Comment posting has become a powerful feature of the Internet. I often find the comments posted on YouTube more entertaining than the actual videos. Some comments are humourous; other comments are insightful observations, altering my perception of the source material. Who doesn’t enjoy intelligent responses to ignorant comments, and who doesn’t relish the opportunity to take first crack at flaming the juvenile remark: “ur a fag,” before the site administrator deletes the comment altogether?
I assume most students have, at some point in their lives, posted a comment on a site similar to YouTube, or have commented on a photo, video or wall post published on their friends’ Facebook. Our lack of participation is not because of our inability to use the technological devices we possess.
Given the enormous popularity of texting with cellular devices, in an effort to increase student participation, The Reflector could implement comment posting via mobile devices. As innovative as this idea is, the lack of participation within The Reflector is not because of inaccessibility.

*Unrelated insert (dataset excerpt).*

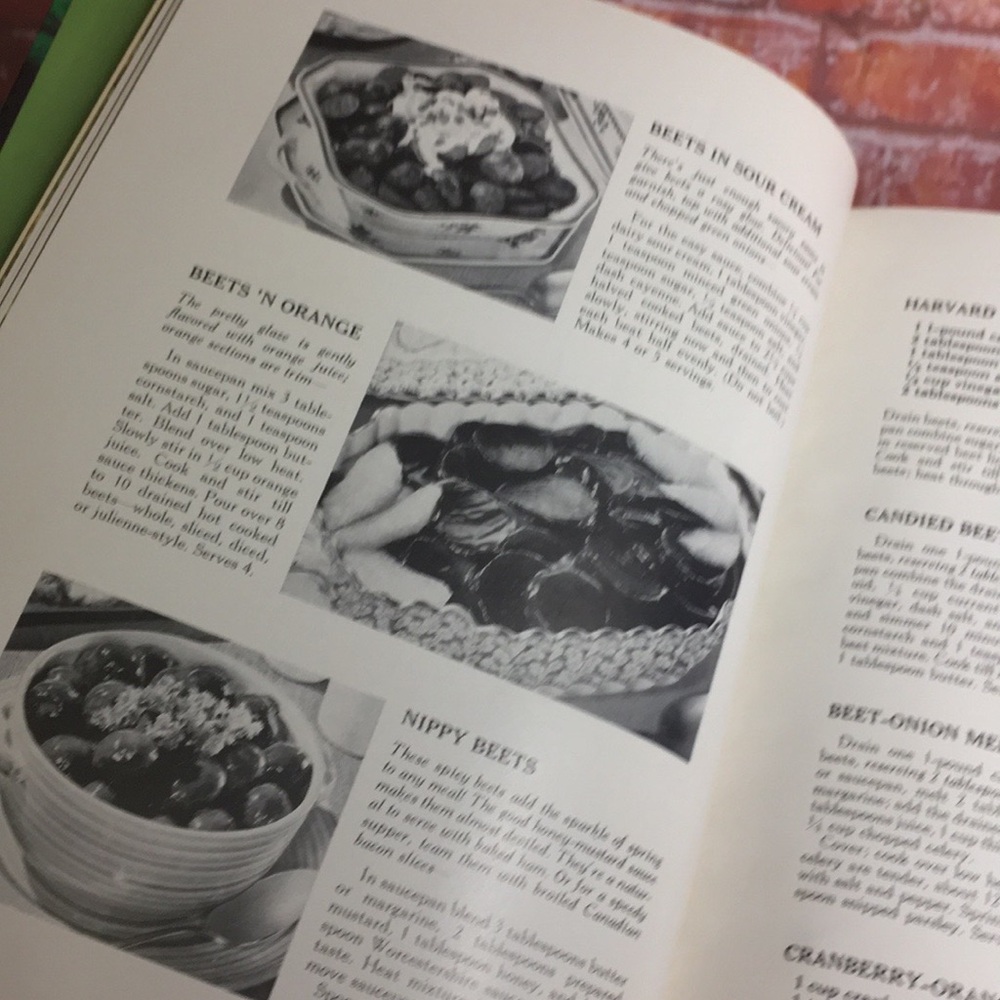 Vintage MCM Better Homes and Gardens Cookbook Collection - Picture 12 of 16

The lack of student participation is not due to an illiterate student body, the pre-requisite course English 1101 virtually ensures this. The lack of participation is indicative of an apathetic student body; more precisely, a student body who does not take the writing in The Reflector seriously. In Calgary, we firmly hold a prejudice towards the work of local writers, performers, and artists; high-profile, internationally renowned professionals are to be taken seriously, and are saying something worth listening to. The work created by locals we assume to be crap — not worth our time.
Ironically, the very students who pass The Reflector stands everyday and assume there is nothing worth reading in the pages of their student paper, are the same students who struggle every day to be taken seriously by their families, friends, teachers, employers and their government.
I am concerned with both this unfair prejudice we hold towards the students we attend classes with, and the implications of the lack of student participation within student-run forums. No letters equals no intellectual involvement.
Our lack of intellectual involvement is reflective of a weak student body; a student body overwhelmed by their individual dramas, and encumbered by the responsibilities of adulthood.
It is reflective of our lack of unity, and the fragmentation within our communities. It is indicative of apathy and the overall discordance plaguing modern society. It is reflective of our degrading levels of critical thought; we have become dependent on scholars and politicians, executives and advertisers to think for us, to tell us what is good, bad, right and wrong. Our lack of intellectual involvement renders free speech — a powerful tool necessary for the proper functioning of a democratic society — useless.